一般的には、そのような内部者が持ち出した事務所の内部資料による記事だとすれば、それは逆に、情報の信憑性を高めるものである。実際に、「加計学園秘書室長からの200万円の受領」という最も重要な事実は間違いがなかったことを自ら認めている。
下村氏側が、内部者による情報持ち出しに対して、法的措置をとるのは自由だが、それによって明らかになった事実について、政治家として、元文部科学大臣としての説明責任を免れるものではない。
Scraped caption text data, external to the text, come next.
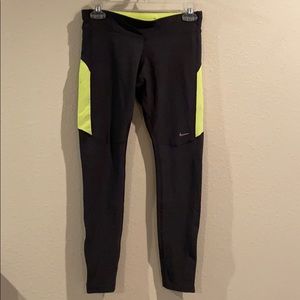 Nike Reflective Workout Leggings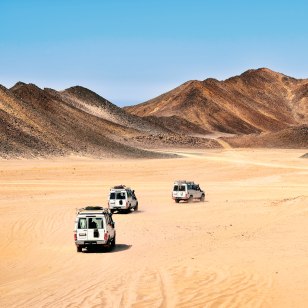 Tour nel deserto in 4x4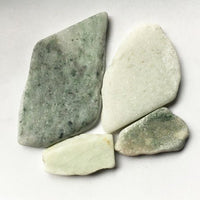 Verre Mosaique - glass mosaic -Glasmosaik-glasmozaïek-Marmer Polygoon Verde Luz - mosaicshop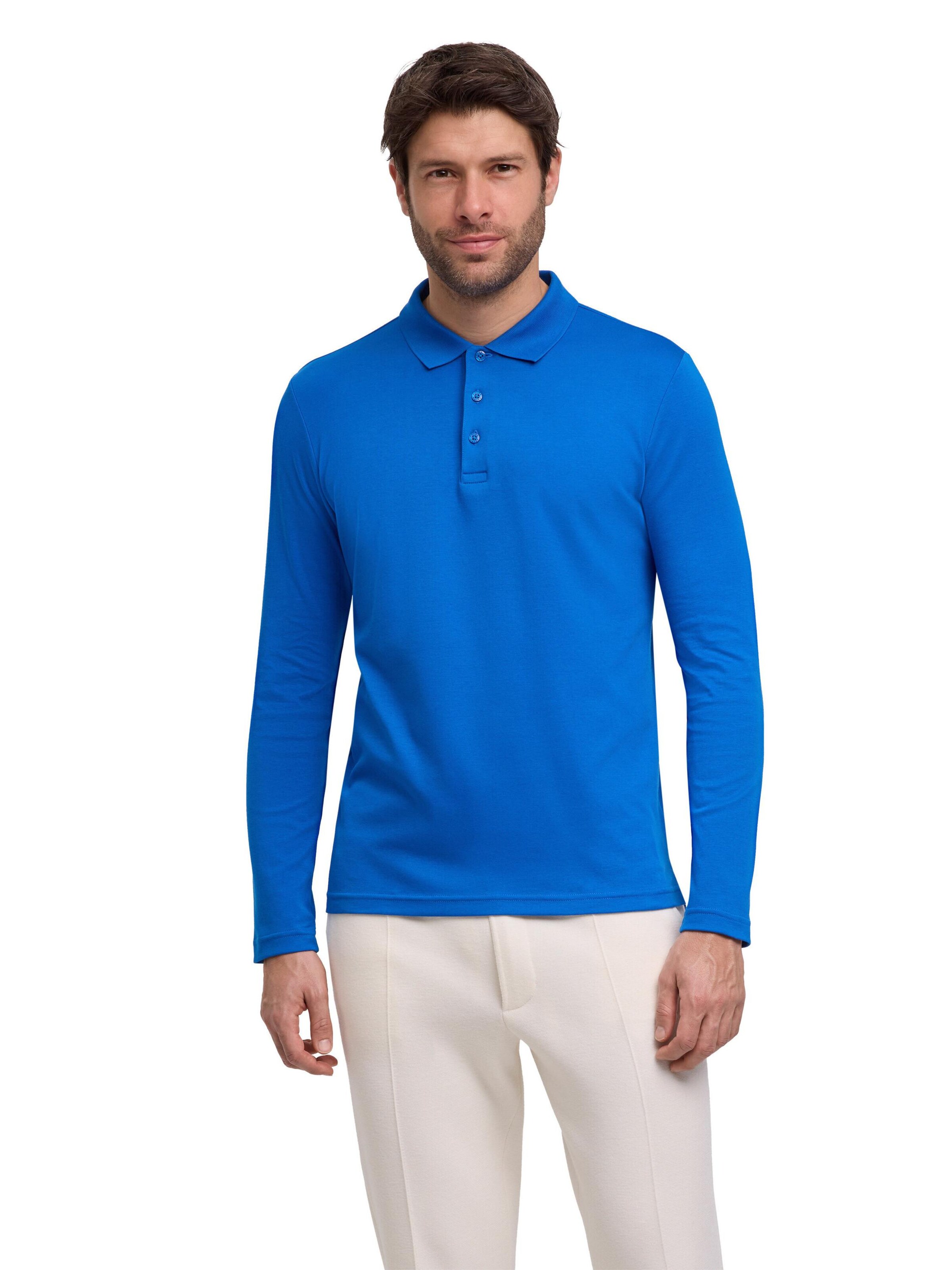 FALKE Shirt 'Essential' in Blue: front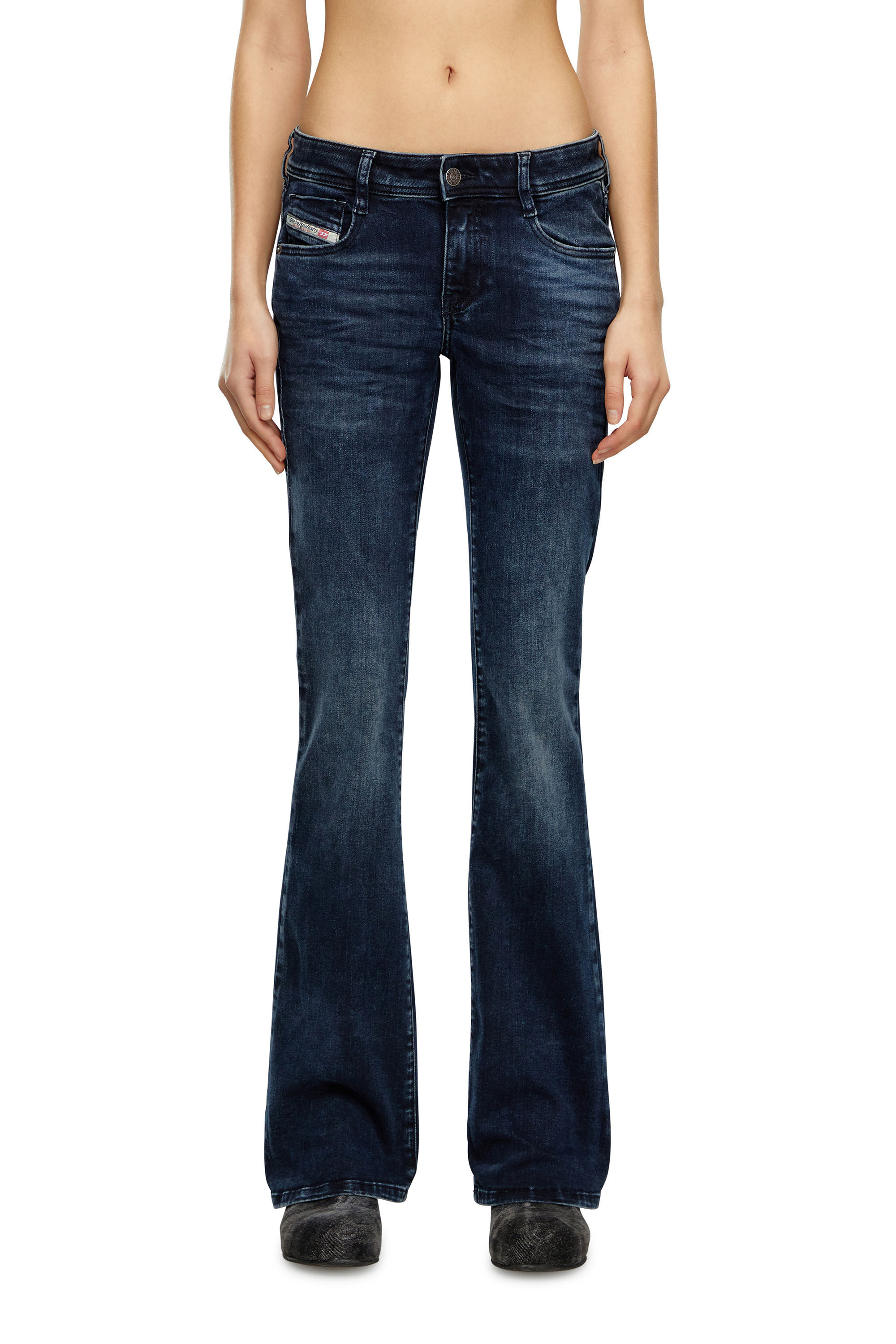 BOOTCUT AND FLARE JEANS 1969 D-EBBEY 0ENAR - 3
週刊文春のネタ元が、事務所の金を使い込んで退職した元秘書であることを強調し、あたかも、指摘されている事実には問題がないかのような、「強気の発言」をしていることが、政治家の対応としていかに愚かなことか、下村氏にはわからないのだろうか。
検察は速やかな捜査を
既に述べたように、政治資金規正法違反の容疑は十分にある。これまでの同種の問題の例から考えると、早晩、市民団体等の告発の対象となるのは必至だ。検察当局としても、速やかに必要な捜査を行うべきだろう。「都議会議員選挙期間中なので、表立った捜査はできない」という言い訳も考えられるが、少なくとも、加計学園の秘書室長が下村事務所に持ち込んだ200万円が、加計学園が支出したのか、「11の個人・企業」が支出したのか、いずれであるかを明らかにすることは、検察にとって「赤子の手をひねる」程度に容易なことだ。
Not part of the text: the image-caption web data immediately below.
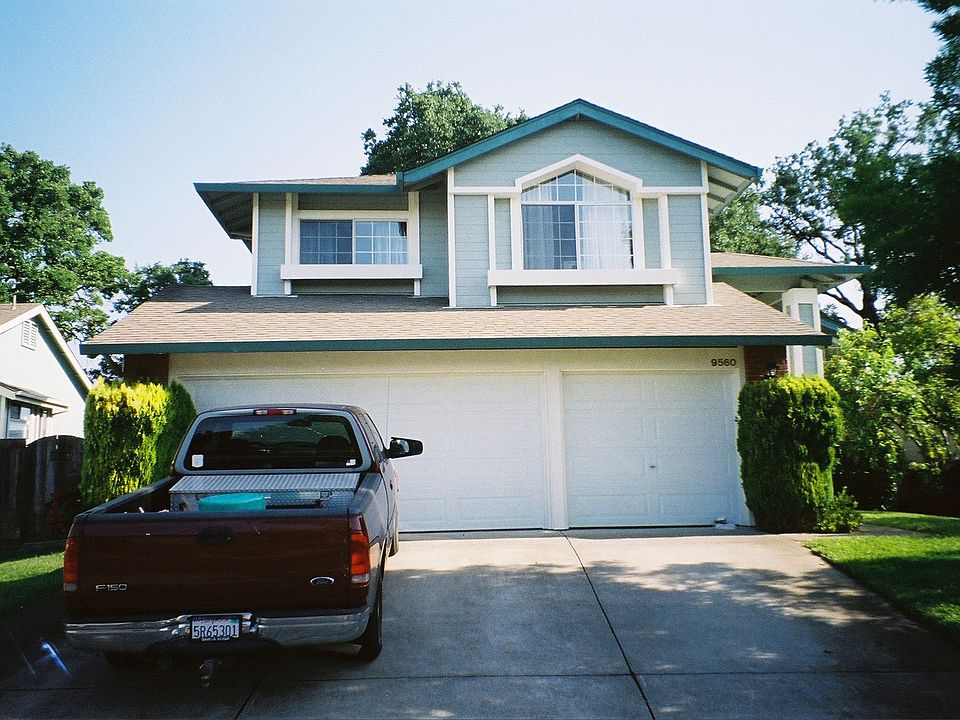 The front of the house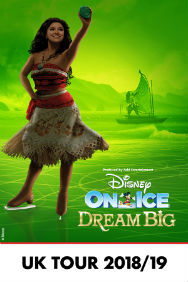 Disney On Ice: Dream Big - O2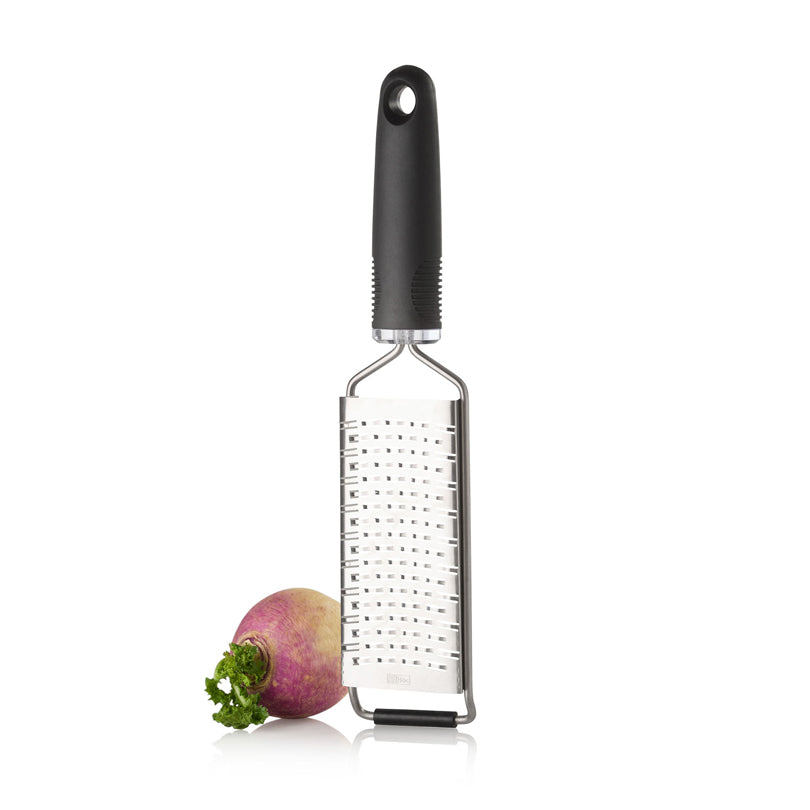 Grattugia a doppio taglio grosso "Giano - Maxi" cm 6x29,5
都議選が終わり次第、ただちに資金の出所を明らかにするための捜査に着手し、文科大臣在任中の下村氏と加計学園をめぐる問題の実態解明をめざすべきだ。
甘利氏の事件などで「政権に弱腰の検察」を露呈してきた特捜検察にとって、現時点では、検察の動きに注目が集まっていないこの事件こそ、検察に対する信頼と期待を回復する格好のチャンスと言うべきであろう。